• [What is required]:
Retype each line of the material below word for word; pictures stay out.

• [Provided data]:
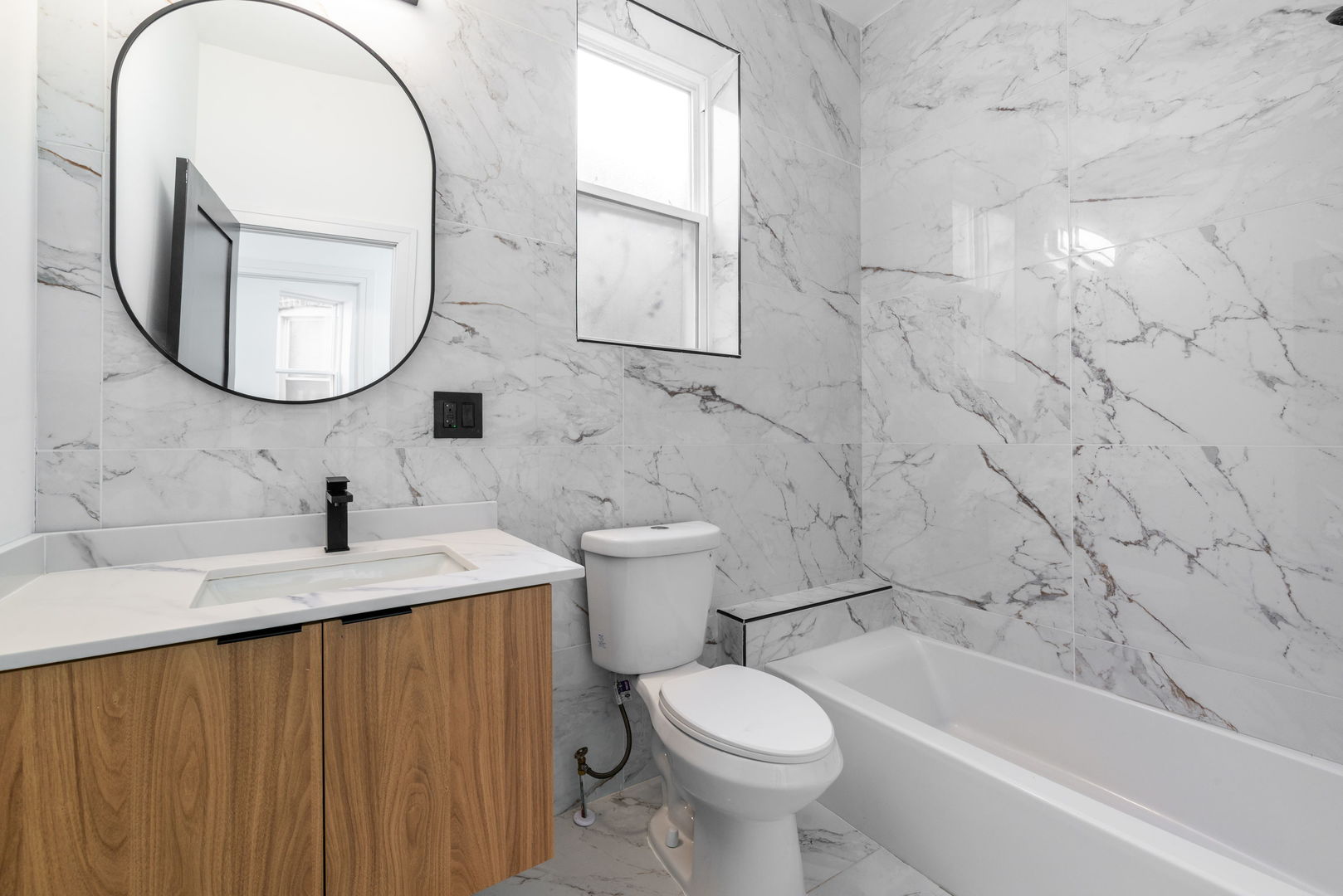 6430 S Eberhart Avenue Unit: 2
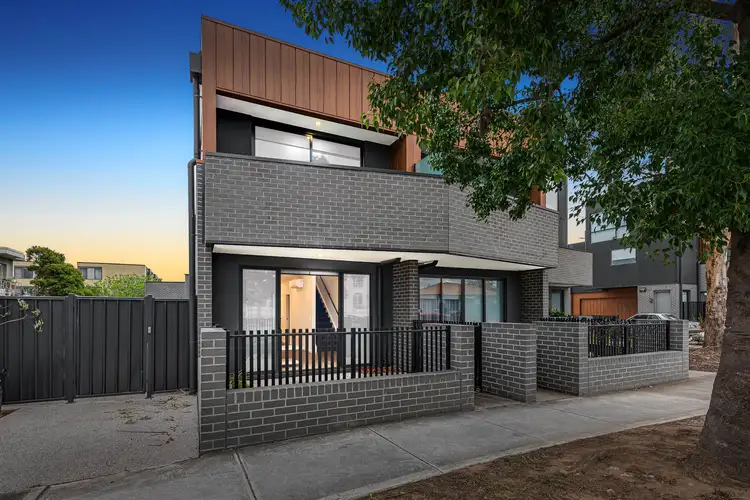 24/46 Hertford Road, Sunshine VIC 3020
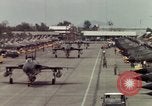 Standbild USA F-105 Flugzeuge Vietnam, 1967, aus Sekunde 40 historischem Filmmaterial Videoclip 65675042664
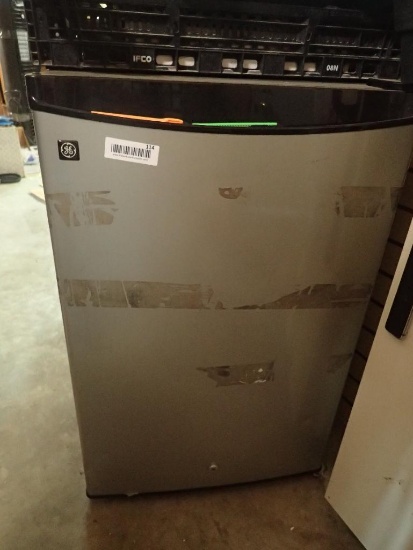 Used Small GE Refrigerator - Qty - 1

• [Response to this task]:
 6430 S Eberhart Avenue Unit: 2
 24/46 Hertford Road, Sunshine VIC 3020
 Standbild USA F-105 Flugzeuge Vietnam, 1967, aus Sekunde 40 historischem Filmmaterial Videoclip 65675042664
 Used Small GE Refrigerator - Qty - 1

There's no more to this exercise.